Qualcuno dovrebbe mandargli una cartolina con la frase del primo ministro norvegese dopo il disastro di Utoya: “Al male reagiremo con più democrazia e più umanità.”

Qualcuno dovrebbe ricordare al decano del giornalismo italiano che il suo quotidiano, fondato da Indro Montanelli, aveva scaricato la responsabilità di ciò che è accaduto in Norvegia sui musulmani. E lo aveva fatto proprio nel decennale della scomparsa del maestro di Vittorio Feltri.

Qualcuno dovrebbe suggerire che quando un giornalista sbaglia, dovrebbe avere la decenza di chiedere scusa, oltre che il dovere di tacere sul tema da quel momento in poi. O di ritornarci solo dopo aver attentamente studiato il caso. Ma il giornalismo italiano ha questo brutto difetto: una notizia, pur falsa, merita un titolo a nove colonne. La rettifica, talvolta, non gode neanche della dignità della semplice pubblicazione.

Qualcuno dovrebbe suggerire a Feltri di intervistare qualche ragazzo scampato alla strage, qualche genitore che ha perso il figlio per la sola colpa di essere appassionato di politica, prima di lanciarsi in analisi antropologiche.

Qualcuno dovrebbe ricordare a Feltri che la polizia norvegese non è armata e che in quella comunità non c’è tutta questa voglia da parte di menar le mani o di scaricare la responsabilità dei fallimenti dell’economia interna su presunte minacce provenienti dai flussi migratori o dall’incontro tra culture e religioni, così come fa, da tempo, la classe dirigente al Governo e i loro megafoni mediatici.

Qualcuno dovrebbe far fare uno sforzo di immaginazione a Feltri: cosa farebbe lui se si trovasse di fronte un uomo che gli assomiglia, magari vestito da poliziotto, che spara all’impazzata? Tenterebbe di picchiarlo? Chiederebbe alle persone accanto a lui di aggredirlo?
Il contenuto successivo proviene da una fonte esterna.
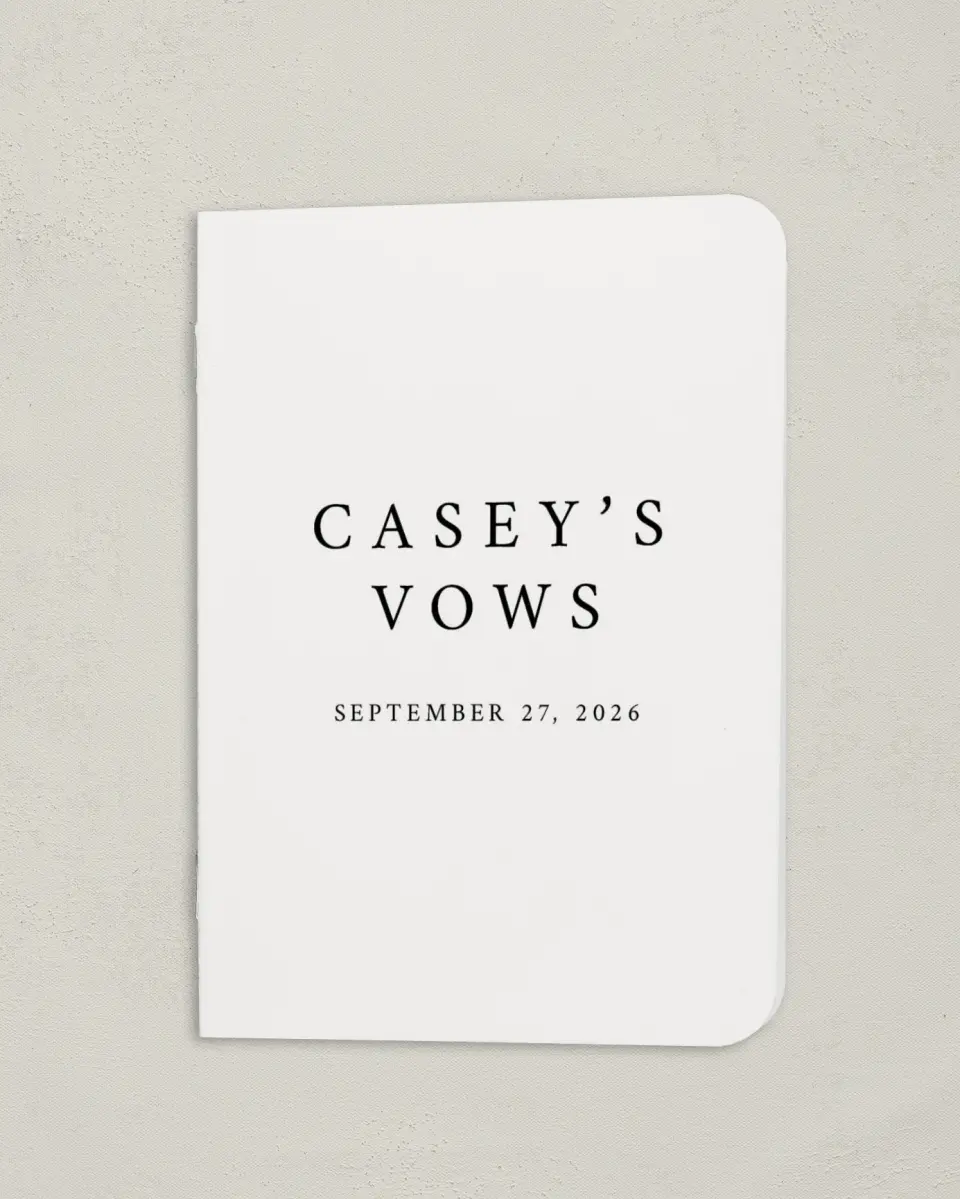 This is a 4" x 5½" Folded Bride Vow Book called Our Promise (Bride) printed in full color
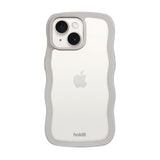 iPhone 17e / 16e / 15 / 14 / 13 Holdit Wavy Cover - Wool Grey / Transparent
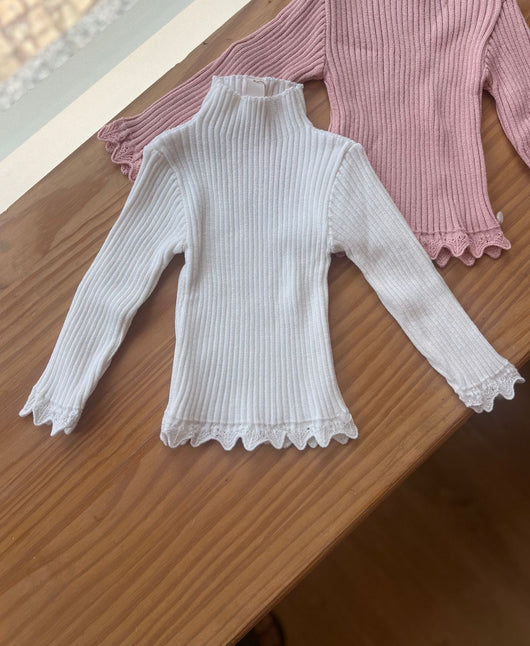 BLUSA MANGA LONGA TRICÔ TRABALHADO COM GOLA ALTA MENINA MINI LADY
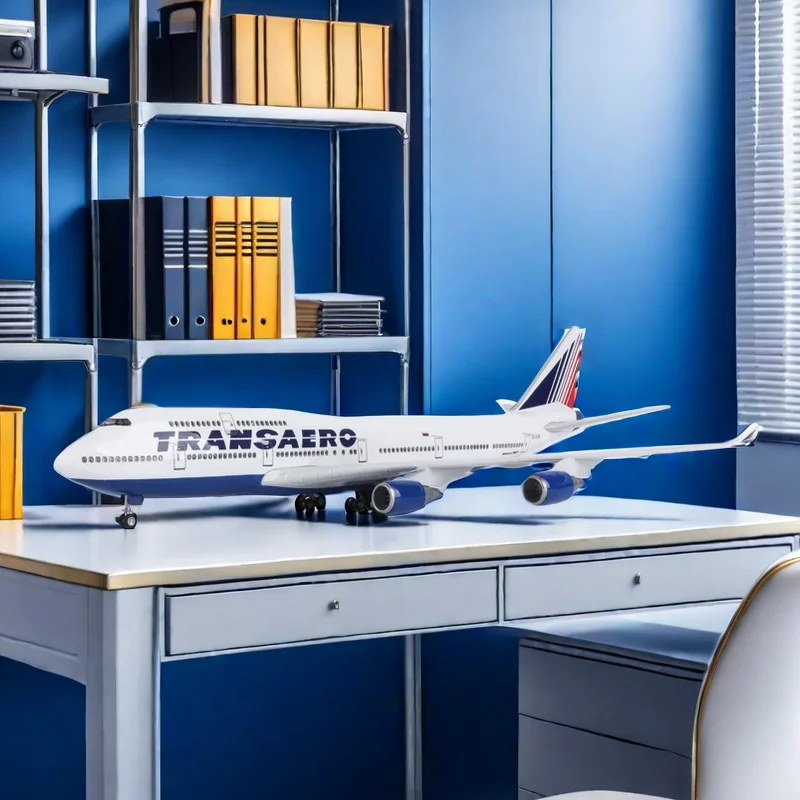 

Модель самолета B747 для России, модель самолета Transaero Toy 1/150 Airline 747, модель самолета, пластмассовое шасси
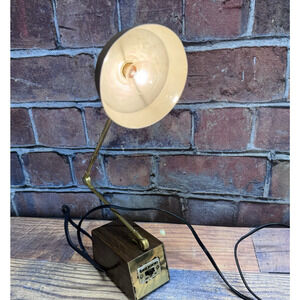 Vintage TENSOR MCM Articulating Portable Desk Lamp Gold Brown Model 6500 WORKS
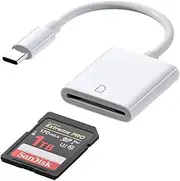 USB C SD Memory Card Reader, Type C Camera Adapter Trail Viewer, Plug and Play for iPhone 16/15/iPad/MacBook/iMac/Galaxy/Android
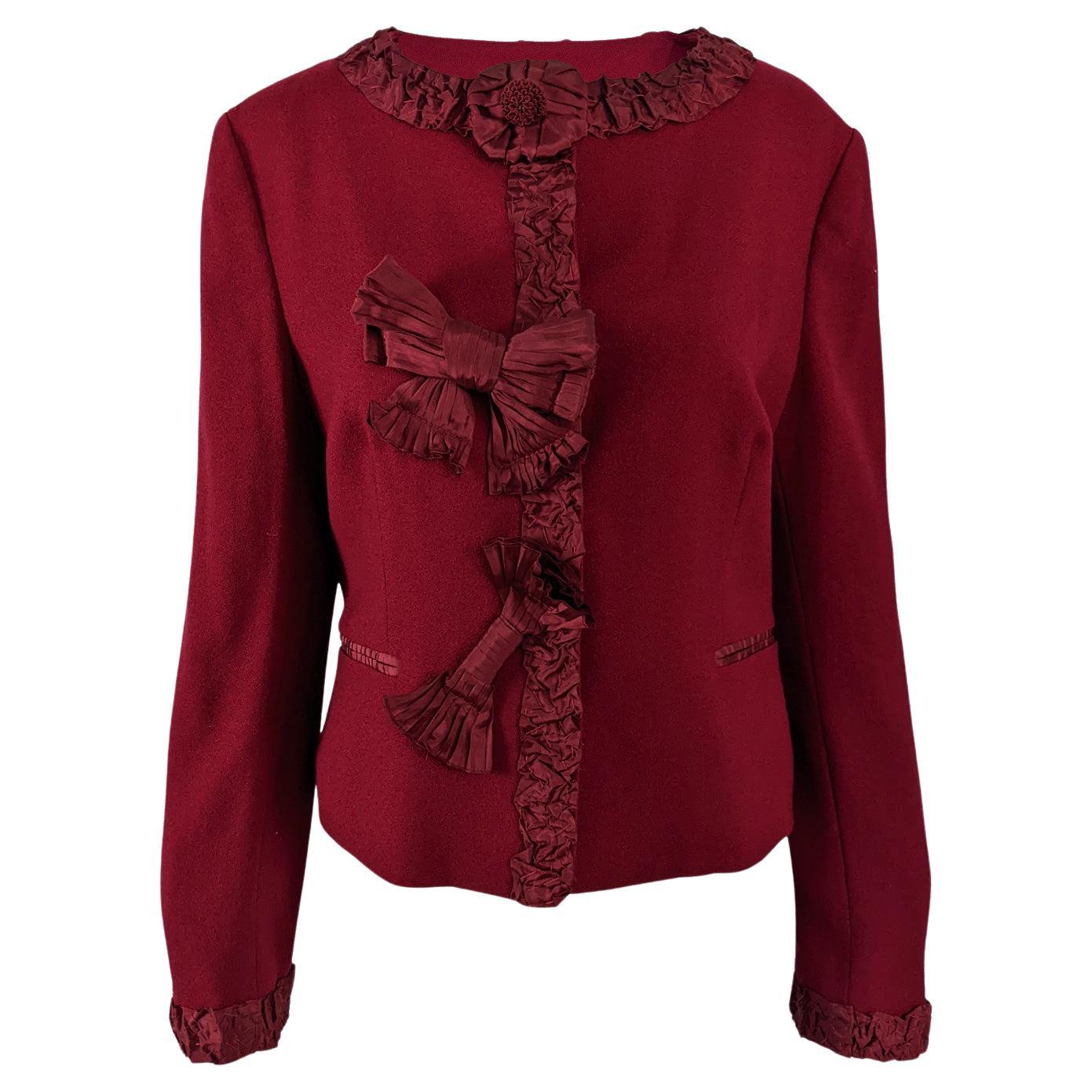 Moschino Vintage 90s Wine Red Wool Crepe Pleated Taffeta Boxy Fit Blazer Jacket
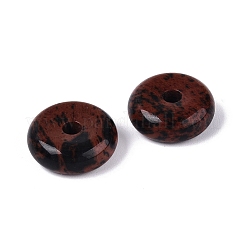 ナチュラルマホガニーのオブシディアンのペンダント  ドーナツ/円盤チャーム  15x5~7mm  穴：2.5~3.5mm&nbsp;G-Q601-30A-06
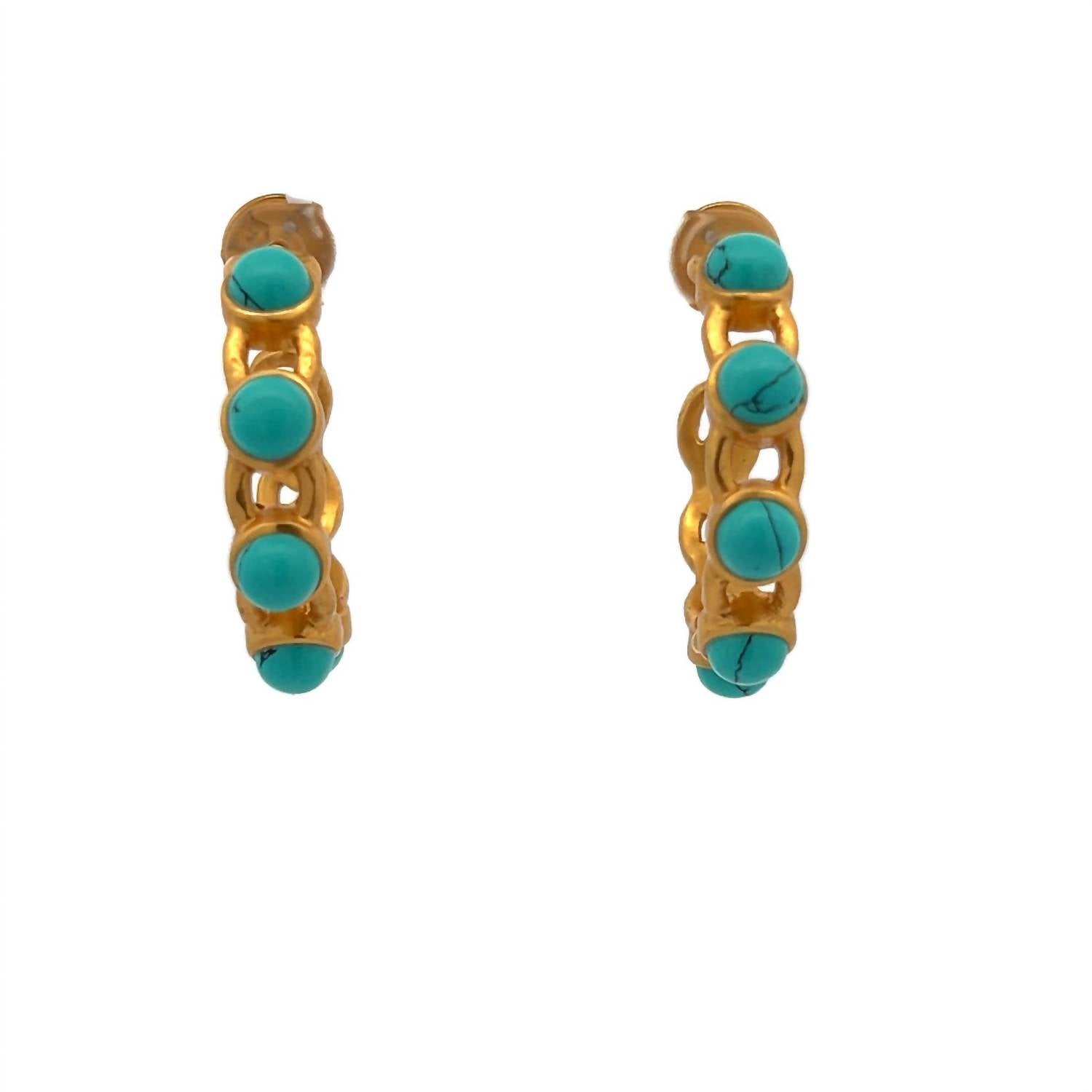Julie Vos Women's Palermo Hoops Earrings in turquoise blue - women's jewelry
O piuttosto si farebbe prendere dal naturale istinto (istinto, da vocabolario, vuol dire: “Comportamenti automatici, non frutto di apprendimento né di scelta personale”) di scappare, di sopravvivere?

E per chiudere, qualcuno dovrebbe chiedere a Feltri se si sarebbe attardato in analisi simili se il campeggio fosse stato animato da giovani conservatori, e a sparare fosse stato un estremista di sinistra.